Musikkritik: HipHop meets Classic

Musikkritik: HipHop meets Classic

2015 feierte MoTrip seinen bisher größten musikalischen Erfolg. Die Single So wie du bist feat. Lary aus seinem zweiten Soloalbum Mama erreichte Platz 3 der deutschen Single-Charts. Im Dezember 2016 erschien dann das nächste Album. Mosaik klingt jedoch ganz anders als seine Vorgänger. Warum? Weil es sich hierbei um eine Kooperation mit dem polnischen Komponisten Jimek  handelt. HipHop und Klassik - das funktioniert? Ja, und das echt gut.

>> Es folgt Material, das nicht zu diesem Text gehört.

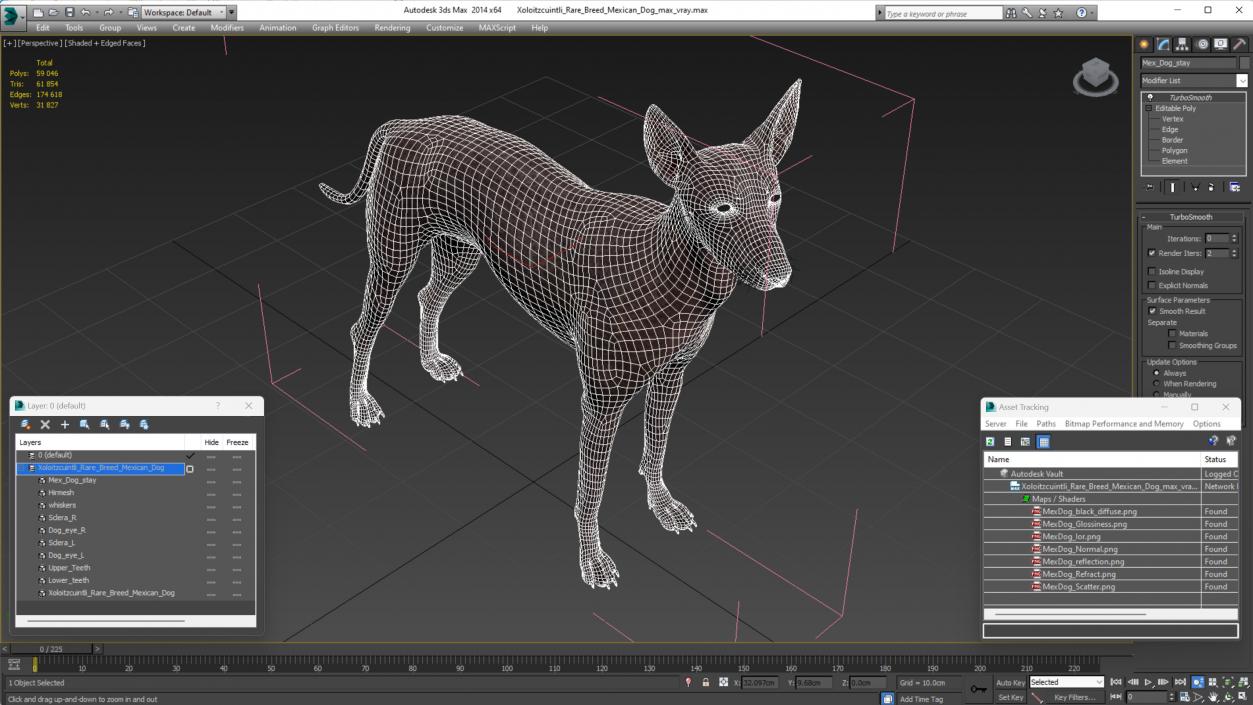 Xoloitzcuintli Rare Breed Mexican Dog 3D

Cover des Albums Mosaik von Motrip

Cover des Albums Mosaik von Motrip

Wer also seine Vorurteile gegenüber klassischer Musik ablegen kann und bereit ist sich darauf einzulassen, wird von Mosaik - Orchestrated by Jimek überrascht sein. Aufgenommen wurden alle Songs – alte und neue – während eines Konzerts im Konzerthaus Berlin. Wer also nicht auf Live-Versionen steht und lieber Studioalben mit klaren Klängen und ohne jegliche Nebengeräusche hört, sollte die Finger davon lassen. Qualitativ kann Mosaik daher nicht mit Studioalben mithalten, allerdings ist die positive Atmosphäre während des Konzerts auf dem Album deutlich herauszuhören.

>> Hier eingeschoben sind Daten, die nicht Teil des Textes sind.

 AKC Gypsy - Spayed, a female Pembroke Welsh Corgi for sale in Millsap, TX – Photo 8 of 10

Unterstützt wird MoTrip neben Jimek, der auch einen eigenen Track auf dem Album hat, von namenhaften Künstlern wie Adel Tawil und Haftbefehl. Der neuarrangierte Song Mama feat. Haftbefehl passt allerdings nicht wirklich zum Albumkonzept, da Haftbefehl in diesem Rahmen musikalisch fehl am Platz wirkt. Ohne seinen Feature-Partner hätte MoTrip wohl besser dagestanden. Den neuen Song namens Polarlichter feat. Adel Tawil, hätte MoTrip auch lieber komplett alleine performen sollen, da Adel Tawils Gesang dem Track keine besondere Note verleiht. Positiv sticht jedoch eine andere Künstlerin heraus und zwar Lary. Nach ihrem gemeinsamen Single-Erfolg mit MoTrip ist es nicht verwunderlich, dass neue Features folgen und die können sich hören lassen. Die neuen Songs Nehmt mich mit und Mosaik funktionieren wunderbar mit dem Berliner Konzerthausorchester und Larys einzigartig wandelbarer Stimme. In beiden Songs hat sie genug Raum ihre Stimmgewalt mit dem Anschein einer Leichtigkeit zu entfalten und wirkt damit an MoTrips Seite nicht nur als „Feature von“. Das neue Arrangement des Songs So wie du bist feat. Lary von Jimek kann dagegen leider nicht glänzen. Den Song hat man in normalen Live-Versionen ohne Orchester schon besser gehört.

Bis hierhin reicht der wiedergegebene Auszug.